Level (logarithmic quantity)

A logarithmic ratio quantity is the logarithm of the ratio of the value of a physical quantity to a constant reference value of the same quantity. These quantities may be referred to as types of level depending on the types of the initial quantities and the scale used:

• power level for power, power density or sometimes energy, with commonly used unit decibel (dB),
• field level (or root-power level) for voltage, sound pressure, etc., with commonly used units neper (Np) or decibel (dB),
• frequency level for frequency, with commonly used units octave (oct) and decade (dec),

with units generally used and indicate the selected base of the logarithm and may depend on the nature of the physical quantity, even though a logarithm may be considered to be a dimensionless quantity.^[1][2][3] The reference values are often specified by international standards.

Examples in acoustics of power levels are sound power level (SWL), sound exposure level (SEL). An example of field level is sound pressure level (SPL).^{[4][clarification needed]}

The level of a root-power quantity (also known as a field quantity), denoted L_F, is defined by^[5]

${\displaystyle L_{F}=\log _{\mathrm {e} }\!\left({\frac {F}{F_{0}}}\right)\!~\mathrm {Np} =2\log _{10}\!\left({\frac {F}{F_{0}}}\right)\!~\mathrm {B} =20\log _{10}\!\left({\frac {F}{F_{0}}}\right)\!~\mathrm {dB} .}$

where

• F is the root-power quantity, proportional to the square root of power quantity;
• F₀ is the reference value of F.

The neper, bel, and decibel (one tenth of a bel) are units of level that are often applied to such quantities as power, intensity, or gain.^[6] The neper, bel, and decibel are defined by

• Np = 1;
• B = ⁠1/2⁠ log_e10 Np;
• dB = 0.1 B = ⁠1/20⁠ log_e10 Np.

Level of a power quantity, denoted L_P, is defined by

${\displaystyle L_{P}={\frac {1}{2}}\log _{\mathrm {e} }\!\left({\frac {P}{P_{0}}}\right)\!~\mathrm {Np} =\log _{10}\!\left({\frac {P}{P_{0}}}\right)\!~\mathrm {B} =10\log _{10}\!\left({\frac {P}{P_{0}}}\right)\!~\mathrm {dB} .}$

where

• P is the power quantity;
• P₀ is the reference value of P.

For the level of a power quantity, the base of the logarithm is r = e².^[7]

If the power quantity P is proportional to F², and if the reference value of the power quantity, P₀, is in the same proportion to F₀², the levels L_F and L_P are equal.

Frequency level is the logarithm of a ratio of frequencies, though the use of the term frequency level is seldom seen outside of the ANSI standard that defines it.^[8]

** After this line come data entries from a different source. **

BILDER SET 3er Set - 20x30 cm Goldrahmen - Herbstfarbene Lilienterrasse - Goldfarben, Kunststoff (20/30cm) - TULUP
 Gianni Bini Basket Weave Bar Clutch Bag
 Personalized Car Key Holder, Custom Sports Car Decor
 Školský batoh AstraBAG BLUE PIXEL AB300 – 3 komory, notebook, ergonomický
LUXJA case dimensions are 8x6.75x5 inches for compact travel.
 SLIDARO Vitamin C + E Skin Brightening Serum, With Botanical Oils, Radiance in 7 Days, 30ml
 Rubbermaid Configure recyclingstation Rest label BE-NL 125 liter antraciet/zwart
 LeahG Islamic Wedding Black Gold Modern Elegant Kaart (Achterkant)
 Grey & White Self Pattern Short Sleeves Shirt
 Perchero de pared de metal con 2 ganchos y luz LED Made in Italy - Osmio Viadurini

In electronics, the octave (oct) is used as a unit with logarithm base 2, and the decade (dec) is used as a unit with logarithm base 10:

${\displaystyle L_{f_{2}/f_{1}}=\log _{2}\!\left({\frac {f_{2}}{f_{1}}}\right)~{\text{oct}}=\log _{10}\!\left({\frac {f_{2}}{f_{1}}}\right)~{\text{dec}},}$

where f₂ and f₁ are the frequencies of the ratio.

In music theory, the octave is a unit used with logarithm base 2 (called interval).^[9] A semitone is one twelfth of an octave. A cent is one hundredth of a semitone.

Level of a quantity Q, denoted L_Q, is defined by^[10]

${\displaystyle L_{Q}=\log _{r}\!\left({\frac {Q}{Q_{0}}}\right)\!,}$

where

• r is the base of the logarithm;
• Q is the quantity;
• Q₀ is the reference value of Q.

Level and its units are defined in ISO 80000-3.

• Decibel § Definition
• Field, power, and root-power quantities
• Logarithmic scale
• Sound level (disambiguation)
• Leveling (tapered floating point)
• Level-index arithmetic (LI) and symmetric level-index arithmetic (SLI)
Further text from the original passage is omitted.